Diagnostic humidité : obligatoire ou pas ? Vous vous apprêtez à vendre, acheter ou louer un bien immobilier, et la question se pose : faut-il faire réaliser un diagnostic humidité ? Est-ce une obligation légale ou une simple recommandation ? Et si ce n’est pas obligatoire, dans quels cas est-ce vraiment nécessaire ?

Ce guide fait le point sur le cadre réglementaire, distingue clairement ce qui est obligatoire de ce qui est recommandé, et vous aide à décider si un diagnostic humidité est pertinent dans votre situation.

Ce que dit la loi : les diagnostics obligatoires

Lors d’une vente immobilière, le vendeur doit fournir un Dossier de Diagnostics Techniques (DDT) contenant plusieurs diagnostics obligatoires. Voici la liste complète en 2026.

DiagnosticObligatoire en venteObligatoire en location
DPE (performance énergétique)OuiOui
Amiante (biens avant 1997)OuiOui
Plomb (biens avant 1949)OuiOui
Termites (zones définies par arrêté)OuiNon
État de l’installation gaz (+ 15 ans)OuiOui
État de l’installation électrique (+ 15 ans)OuiOui
ERP (risques et pollutions)OuiOui
Assainissement non collectifOuiNon
Bruit (zones aériennes)OuiOui
Diagnostic humiditéNonNon

Le constat est sans ambiguïté : le diagnostic humidité n’est pas obligatoire, ni pour une vente, ni pour une location. Il ne fait pas partie du DDT et aucun texte législatif ne l’impose spécifiquement.

Cela ne signifie pas pour autant qu’il est inutile. Au contraire, dans de nombreuses situations, c’est le diagnostic le plus utile que vous puissiez faire réaliser.

Pourquoi le diagnostic humidité n’est pas (encore) obligatoire

L’absence d’obligation légale s’explique par plusieurs facteurs.

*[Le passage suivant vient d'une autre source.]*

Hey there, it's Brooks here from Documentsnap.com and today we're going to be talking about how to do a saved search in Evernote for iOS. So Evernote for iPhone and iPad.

La diversité des situations : l’humidité peut avoir des dizaines de causes différentes (condensation, remontées capillaires, infiltrations, fuites). Il est difficile de normaliser un diagnostic qui couvre des réalités aussi variées.

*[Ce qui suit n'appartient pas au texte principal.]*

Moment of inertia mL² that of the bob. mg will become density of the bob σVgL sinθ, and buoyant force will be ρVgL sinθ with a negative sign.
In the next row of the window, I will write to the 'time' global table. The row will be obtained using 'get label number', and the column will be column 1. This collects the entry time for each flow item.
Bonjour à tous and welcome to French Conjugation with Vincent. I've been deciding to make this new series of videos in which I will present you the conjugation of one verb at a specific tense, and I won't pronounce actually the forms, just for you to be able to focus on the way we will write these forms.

L’absence de protocole standardisé : contrairement au DPE qui suit une méthode de calcul définie par l’État, il n’existe pas de protocole unique pour le diagnostic humidité. Chaque expert applique sa propre méthodologie, ce qui rend la standardisation difficile.

L’obligation d’information du vendeur : la loi impose déjà au vendeur de déclarer les défauts connus. Si un vendeur connaît un problème d’humidité et ne le déclare pas, il s’expose à une action en vices cachés, avec des conséquences financières potentiellement lourdes.

Des discussions existent cependant pour intégrer un volet “état d’humidité” dans le DPE ou dans un diagnostic distinct, notamment en raison de l’impact de l’humidité sur la performance énergétique réelle des bâtiments. Un mur humide perd jusqu’à 50 % de sa capacité isolante, ce qui fausse les résultats du DPE.

Comment identifier si un diagnostic est nécessaire

Même sans obligation légale, un diagnostic humidité est fortement recommandé dans les situations suivantes.

Pour l’acheteur

Vous visitez un bien et vous observez un ou plusieurs de ces signes :

  • Taches d’humidité sur les murs ou plafonds
  • Odeur de moisi persistante
  • Salpêtre (dépôts blancs) en bas des murs
  • Peinture qui cloque, enduit qui se décolle
  • Moisissures visibles, même ponctuelles
  • Cave humide ou inondable
  • Peinture ou enduit visiblement neuf uniquement en bas des murs (indice de maquillage)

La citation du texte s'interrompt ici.